Fault Tolerant stacking is desirable to customers because it increases network availability. For example, low-cost Ethernet 10/100 Switches are sometimes stacked in a wiring closet as a low cost solution. However all of the fault tolerant stacking designs to date employ two active ports on every switch to create a loop plus an additional one or two active ports for uplinks. Low-cost Ethernet 10/100 switches only have two uplink ports. One of the uplink ports on the top and the bottom of the stack are used for fiber or copper connections, therefore they are not available for creating a fault tolerant stacking loop with uplinks.

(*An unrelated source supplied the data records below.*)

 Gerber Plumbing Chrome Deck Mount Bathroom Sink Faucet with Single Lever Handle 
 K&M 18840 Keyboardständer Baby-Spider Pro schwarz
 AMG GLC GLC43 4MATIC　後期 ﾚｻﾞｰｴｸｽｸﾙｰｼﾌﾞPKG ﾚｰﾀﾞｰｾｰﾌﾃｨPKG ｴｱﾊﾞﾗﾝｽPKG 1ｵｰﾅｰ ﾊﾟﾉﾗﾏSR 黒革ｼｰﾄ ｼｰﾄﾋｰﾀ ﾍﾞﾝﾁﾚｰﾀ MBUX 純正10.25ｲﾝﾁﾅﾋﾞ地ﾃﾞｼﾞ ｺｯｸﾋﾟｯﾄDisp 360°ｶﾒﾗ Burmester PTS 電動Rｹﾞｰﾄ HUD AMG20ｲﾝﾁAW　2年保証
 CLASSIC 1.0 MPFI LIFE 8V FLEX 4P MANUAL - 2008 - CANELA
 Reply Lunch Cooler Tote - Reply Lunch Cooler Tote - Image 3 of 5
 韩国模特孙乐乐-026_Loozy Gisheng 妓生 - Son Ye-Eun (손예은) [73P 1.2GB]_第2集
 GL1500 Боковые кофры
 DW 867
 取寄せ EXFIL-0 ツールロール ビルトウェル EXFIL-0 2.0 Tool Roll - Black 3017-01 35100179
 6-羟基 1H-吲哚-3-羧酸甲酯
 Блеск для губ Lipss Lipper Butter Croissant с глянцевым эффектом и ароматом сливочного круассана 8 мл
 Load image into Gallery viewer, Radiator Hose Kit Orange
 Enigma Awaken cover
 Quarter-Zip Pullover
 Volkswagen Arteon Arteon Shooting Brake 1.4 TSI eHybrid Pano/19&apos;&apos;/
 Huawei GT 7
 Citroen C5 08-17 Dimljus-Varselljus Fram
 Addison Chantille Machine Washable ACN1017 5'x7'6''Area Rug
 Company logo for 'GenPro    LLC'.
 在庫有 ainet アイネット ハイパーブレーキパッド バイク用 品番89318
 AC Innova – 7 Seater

A fault-tolerant stack requires that a loop be created. FIG. 1A depicts an existing topology for such a stack comprised of switches having first and second uplink ports 40 and 42. Note that the second uplink port 42 of the bottom switch is connected to first uplink port 40 of the top switch to form a loop. If one of the switches fails then signals can be routed around the failed switch using the loop. Note however that because both uplink ports of each switch are used to form the fault-tolerant stacking topology there are no uplink ports available to form an uplink with the next level in the network hierarchy.
FIG. 1B depicts the same stack having fault-tolerant fiber uplinks to the next level of the network hierarchy. Since one port of the top and bottom switches are used to form the uplink to the next level these ports are not available to form a fault-tolerant loop within the stack.
The challenges in the field of stacking low-cost Ethernet switches continue to increase with demands for more and better techniques having greater flexibility and adaptability. Therefore, a need has arisen for a new system and method for providing low-cost, fault-tolerant solutions.